* **Exercise requirements**: Please return the listing below word for word, minus its pictures.

* **Dataset extract**:

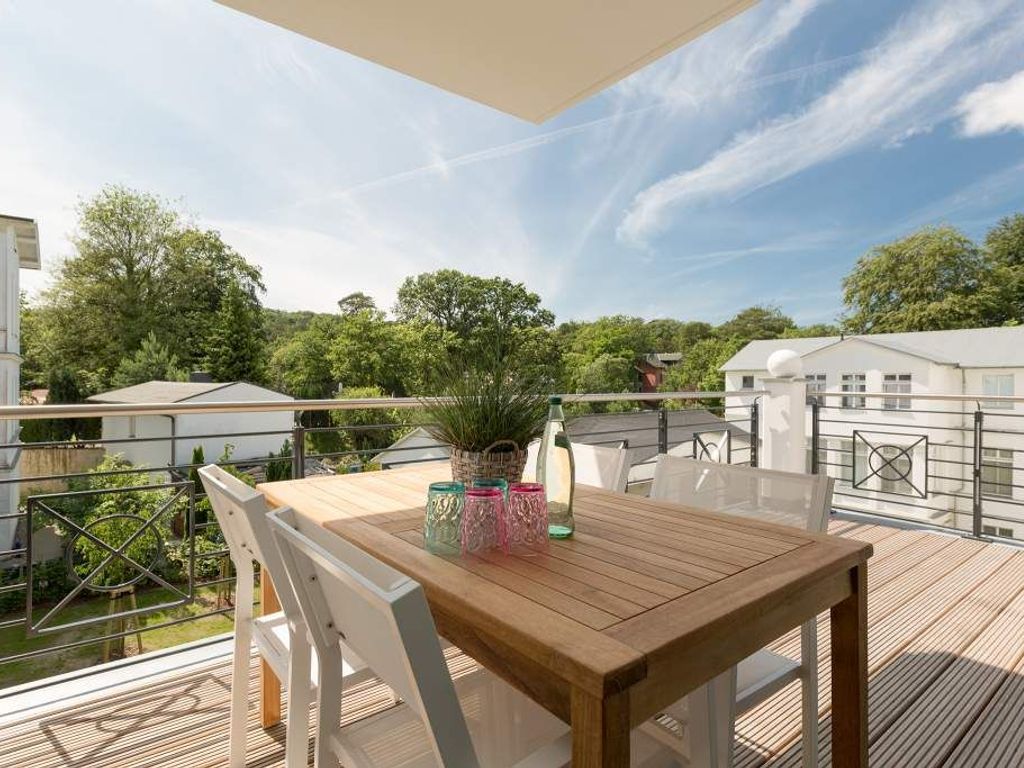 Villa Strandgrün Heringsdorf: beschattete Dachterrasse mit Blick über die Baumkronen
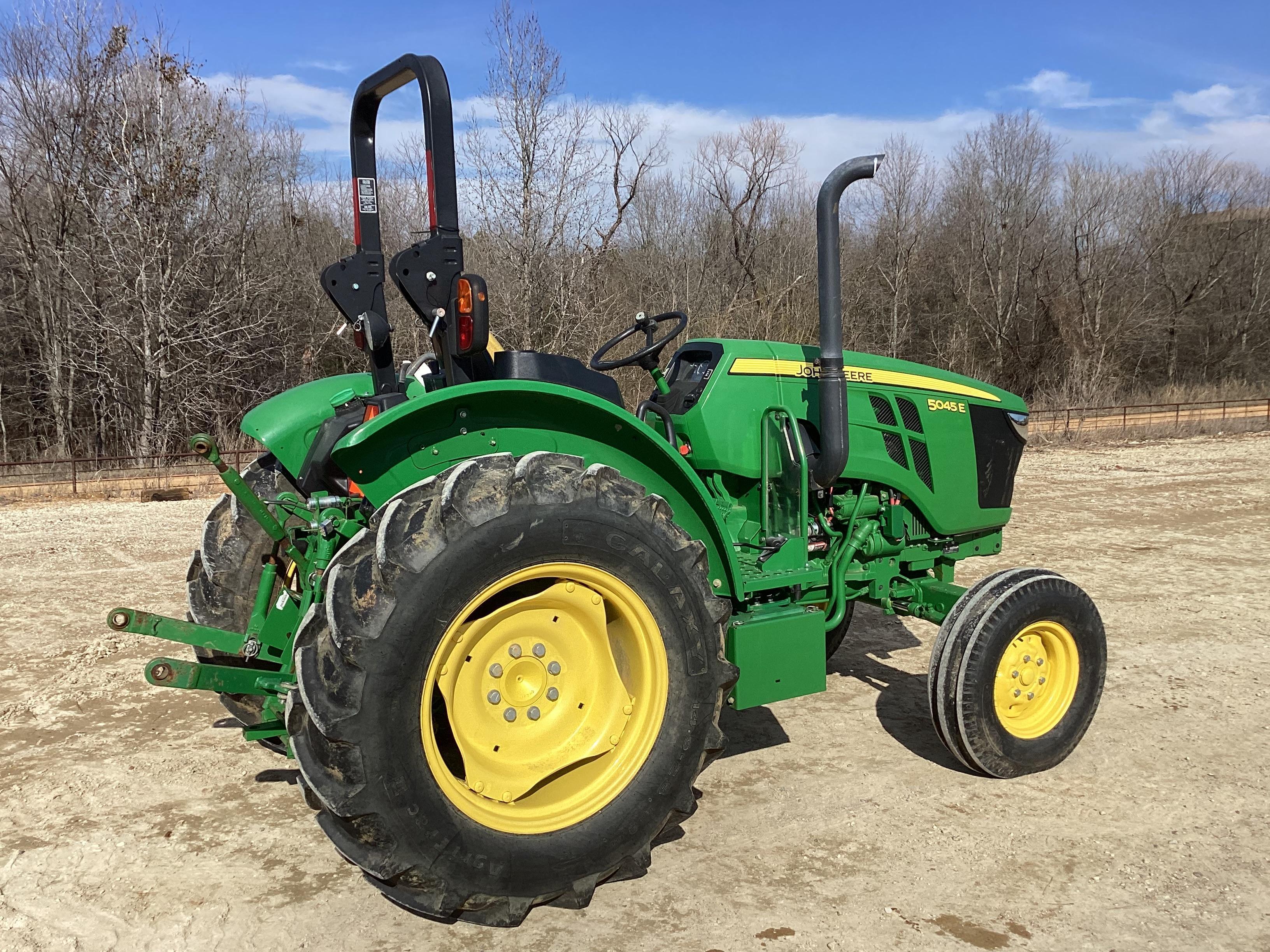 2019 John Deere 5045E Tractor 2WD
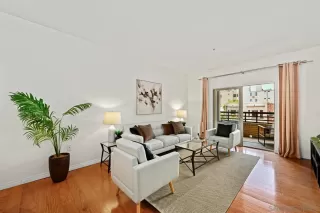 Photo #3: 260012937 Listing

* **Result below**:
 Villa Strandgrün Heringsdorf: beschattete Dachterrasse mit Blick über die Baumkronen
 2019 John Deere 5045E Tractor 2WD
 Photo #3: 260012937 Listing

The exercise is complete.